A retrospective cohort study of T2DM patients who were new users of sulfonylurea or metformin was conducted using the Yinzhou Regional Health Care Database. A marginal structural Cox model was used to estimate the hazard ratio (HR) of cancer associated with the use of sulfonylurea compared with metformin, with time-varying confounders controlled by inverse probability weighting. Secondary analyses using different glucose-lowering drugs (GLDs) as comparator and sensitivity analyses for potential bias due to latency period, model misspecification, missing data, analyses strategy (intention-to-treat and per-protocol), and diagnosis validation were performed to examine the robustness of the results.
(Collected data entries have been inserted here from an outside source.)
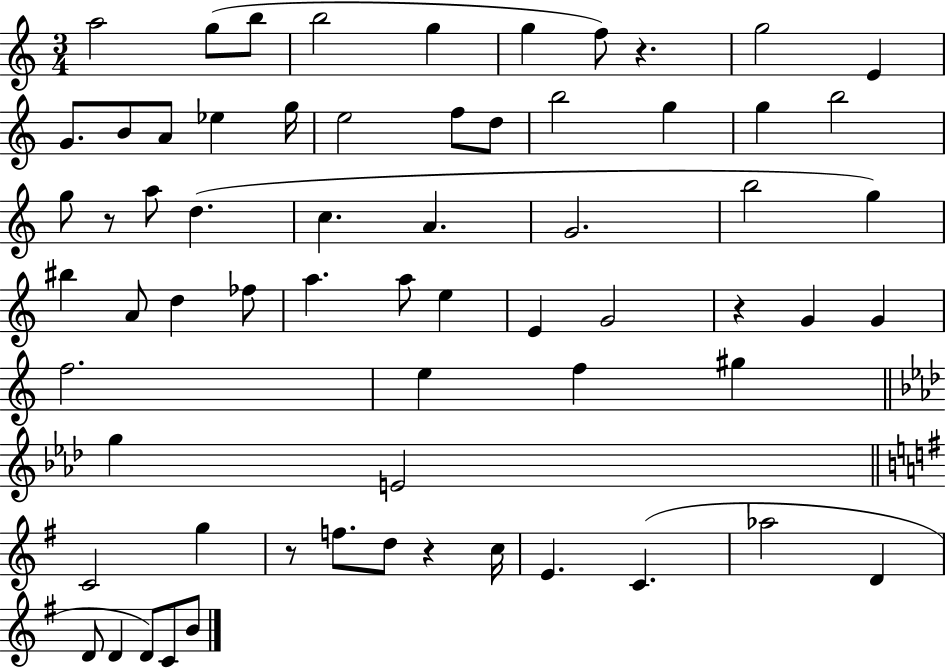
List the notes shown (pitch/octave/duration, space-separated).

A5/h G5/e B5/e B5/h G5/q G5/q F5/e R/q. G5/h E4/q G4/e. B4/e A4/e Eb5/q G5/s E5/h F5/e D5/e B5/h G5/q G5/q B5/h G5/e R/e A5/e D5/q. C5/q. A4/q. G4/h. B5/h G5/q BIS5/q A4/e D5/q FES5/e A5/q. A5/e E5/q E4/q G4/h R/q G4/q G4/q F5/h. E5/q F5/q G#5/q G5/q E4/h C4/h G5/q R/e F5/e. D5/e R/q C5/s E4/q. C4/q. Ab5/h D4/q D4/e D4/q D4/e C4/e B4/e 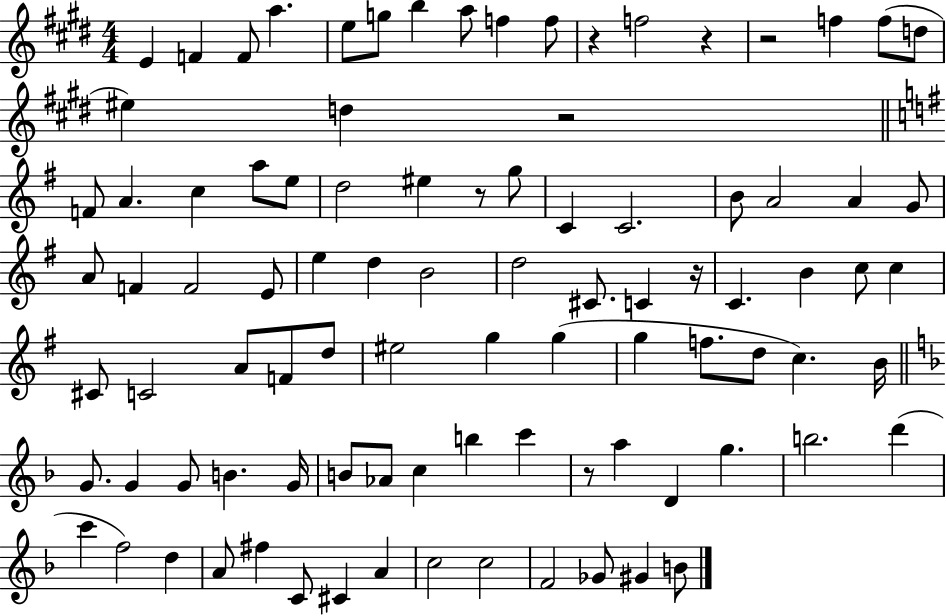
X:1
T:Untitled
M:4/4
L:1/4
K:E
E F F/2 a e/2 g/2 b a/2 f f/2 z f2 z z2 f f/2 d/2 ^e d z2 F/2 A c a/2 e/2 d2 ^e z/2 g/2 C C2 B/2 A2 A G/2 A/2 F F2 E/2 e d B2 d2 ^C/2 C z/4 C B c/2 c ^C/2 C2 A/2 F/2 d/2 ^e2 g g g f/2 d/2 c B/4 G/2 G G/2 B G/4 B/2 _A/2 c b c' z/2 a D g b2 d' c' f2 d A/2 ^f C/2 ^C A c2 c2 F2 _G/2 ^G B/2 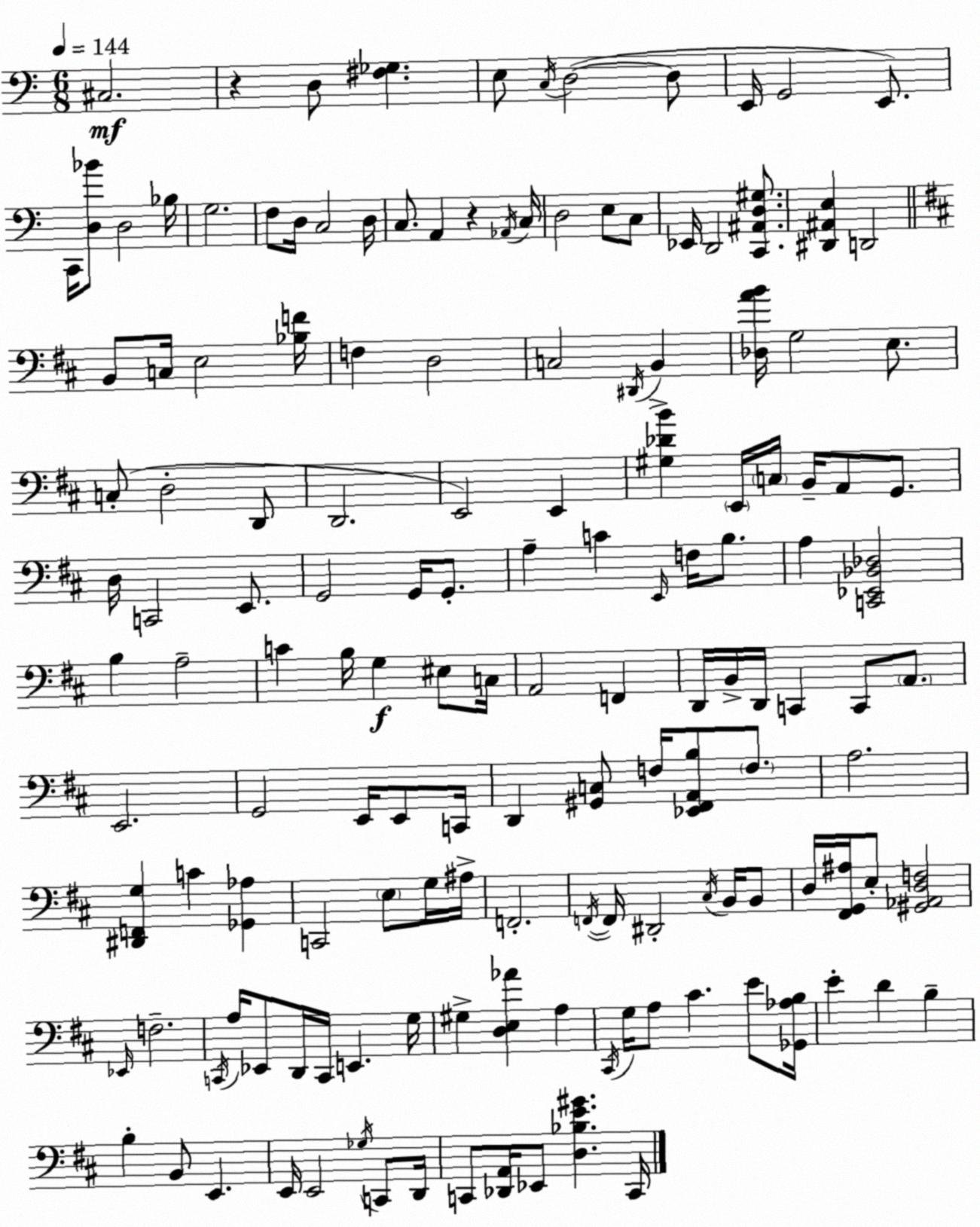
X:1
T:Untitled
M:6/8
L:1/4
K:C
^C,2 z D,/2 [^F,_G,] E,/2 C,/4 D,2 D,/2 E,,/4 G,,2 E,,/2 C,,/4 [D,_B]/2 D,2 _B,/4 G,2 F,/2 D,/4 C,2 D,/4 C,/2 A,, z _A,,/4 C,/4 D,2 E,/2 C,/2 _E,,/4 D,,2 [C,,^A,,D,^G,]/2 [^D,,^A,,E,] D,,2 B,,/2 C,/4 E,2 [_B,F]/4 F, D,2 C,2 ^D,,/4 B,, [_D,AB]/4 G,2 E,/2 C,/2 D,2 D,,/2 D,,2 E,,2 E,, [^G,_DB] E,,/4 C,/4 B,,/4 A,,/2 G,,/2 D,/4 C,,2 E,,/2 G,,2 G,,/4 G,,/2 A, C E,,/4 F,/4 B,/2 A, [C,,_E,,_B,,_D,]2 B, A,2 C B,/4 G, ^E,/2 C,/4 A,,2 F,, D,,/4 B,,/4 D,,/4 C,, C,,/2 A,,/2 E,,2 G,,2 E,,/4 E,,/2 C,,/4 D,, [^G,,C,]/2 F,/4 [_E,,^F,,A,,B,]/2 F,/2 A,2 [^D,,F,,G,] C [_G,,_A,] C,,2 E,/2 G,/4 ^A,/4 F,,2 F,,/4 F,,/4 ^D,,2 ^C,/4 B,,/4 B,,/2 D,/4 [^F,,G,,^A,]/4 E,/2 [^G,,_A,,D,F,]2 _E,,/4 F,2 C,,/4 A,/4 _E,,/2 D,,/4 C,,/4 E,, G,/4 ^G, [D,E,_A] A, ^C,,/4 G,/4 A,/2 ^C E/2 [_G,,_A,B,]/4 E D B, B, B,,/2 E,, E,,/4 E,,2 _G,/4 C,,/2 D,,/4 C,,/2 [_D,,A,,]/4 _E,,/2 [D,_B,E^G] C,,/4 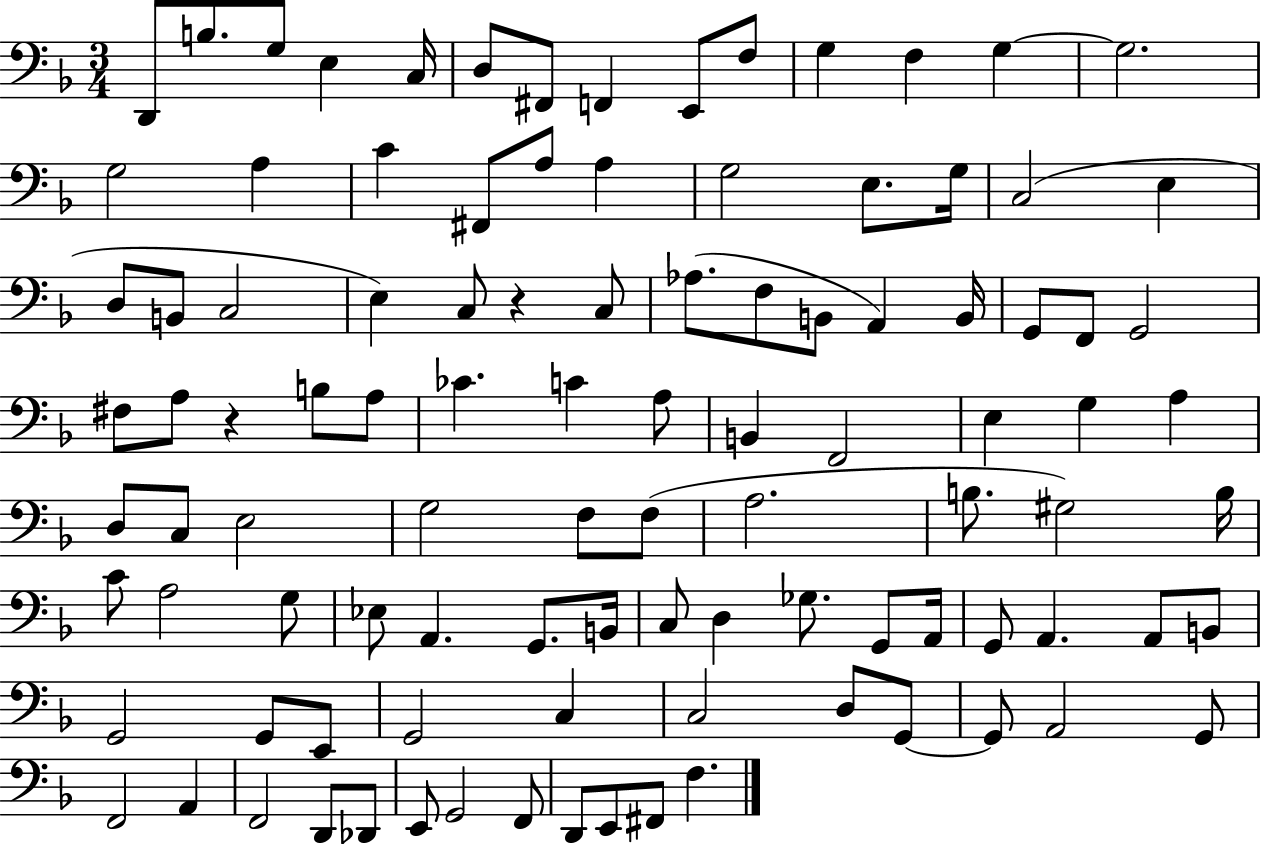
D2/e B3/e. G3/e E3/q C3/s D3/e F#2/e F2/q E2/e F3/e G3/q F3/q G3/q G3/h. G3/h A3/q C4/q F#2/e A3/e A3/q G3/h E3/e. G3/s C3/h E3/q D3/e B2/e C3/h E3/q C3/e R/q C3/e Ab3/e. F3/e B2/e A2/q B2/s G2/e F2/e G2/h F#3/e A3/e R/q B3/e A3/e CES4/q. C4/q A3/e B2/q F2/h E3/q G3/q A3/q D3/e C3/e E3/h G3/h F3/e F3/e A3/h. B3/e. G#3/h B3/s C4/e A3/h G3/e Eb3/e A2/q. G2/e. B2/s C3/e D3/q Gb3/e. G2/e A2/s G2/e A2/q. A2/e B2/e G2/h G2/e E2/e G2/h C3/q C3/h D3/e G2/e G2/e A2/h G2/e F2/h A2/q F2/h D2/e Db2/e E2/e G2/h F2/e D2/e E2/e F#2/e F3/q. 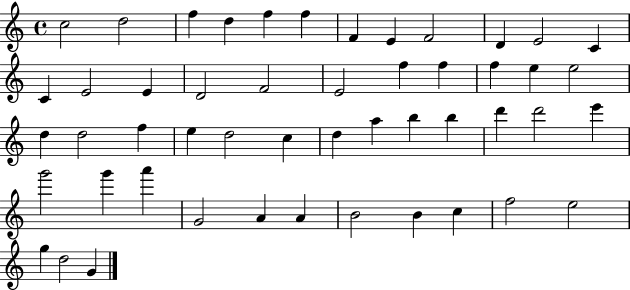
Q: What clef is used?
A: treble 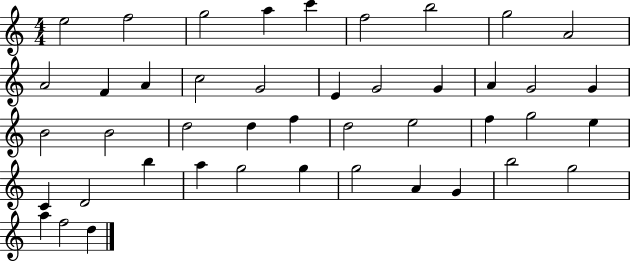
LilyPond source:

{
  \clef treble
  \numericTimeSignature
  \time 4/4
  \key c \major
  e''2 f''2 | g''2 a''4 c'''4 | f''2 b''2 | g''2 a'2 | \break a'2 f'4 a'4 | c''2 g'2 | e'4 g'2 g'4 | a'4 g'2 g'4 | \break b'2 b'2 | d''2 d''4 f''4 | d''2 e''2 | f''4 g''2 e''4 | \break c'4 d'2 b''4 | a''4 g''2 g''4 | g''2 a'4 g'4 | b''2 g''2 | \break a''4 f''2 d''4 | \bar "|."
} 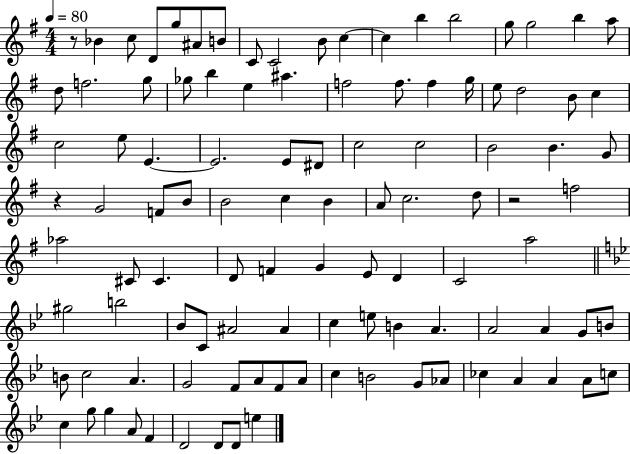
R/e Bb4/q C5/e D4/e G5/e A#4/e B4/e C4/e C4/h B4/e C5/q C5/q B5/q B5/h G5/e G5/h B5/q A5/e D5/e F5/h. G5/e Gb5/e B5/q E5/q A#5/q. F5/h F5/e. F5/q G5/s E5/e D5/h B4/e C5/q C5/h E5/e E4/q. E4/h. E4/e D#4/e C5/h C5/h B4/h B4/q. G4/e R/q G4/h F4/e B4/e B4/h C5/q B4/q A4/e C5/h. D5/e R/h F5/h Ab5/h C#4/e C#4/q. D4/e F4/q G4/q E4/e D4/q C4/h A5/h G#5/h B5/h Bb4/e C4/e A#4/h A#4/q C5/q E5/e B4/q A4/q. A4/h A4/q G4/e B4/e B4/e C5/h A4/q. G4/h F4/e A4/e F4/e A4/e C5/q B4/h G4/e Ab4/e CES5/q A4/q A4/q A4/e C5/e C5/q G5/e G5/q A4/e F4/q D4/h D4/e D4/e E5/q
After fully controlling for time-varying confounding, baseline confounding, and competing risk, the use of sulfonylurea was not associated with the risk of any cancer (HR 1.09; 95% CI, 0.93–1.27), compared with the use of metformin. In the secondary analyses, compared with α - glucosidase inhibitors, thiazolidinediones, glinides, other GLDs except sulfonylure and insulin, and T2DM patients not treated with sulfonylureas, the HRs of the association between sulfonylurea use and cancer risk were 0.92 (95% CI; 0.78–1.08), 0.89 (95% CI; 0.66–1.19), 0.85 (95% CI; 0.71–1.02), 1.04 (95% CI; 0.89–1.22), and 1.07 (95% CI; 0.99–1.16), respectively. The results of analyses for various subgroups, risk of site-specific cancers, cumulative duration, dose-response relationship, and sensitivity analyses of different latency periods and missing data were generally consistent with the findings of the primary analyses.
No association between sulfonylurea use and cancer risk was found in this study after properly controlling biases due to time-varying confounders and other sources. Further studies on the association between sulfonylurea use and the risk of cancer by using data from a Chinese population with higher representativeness are needed.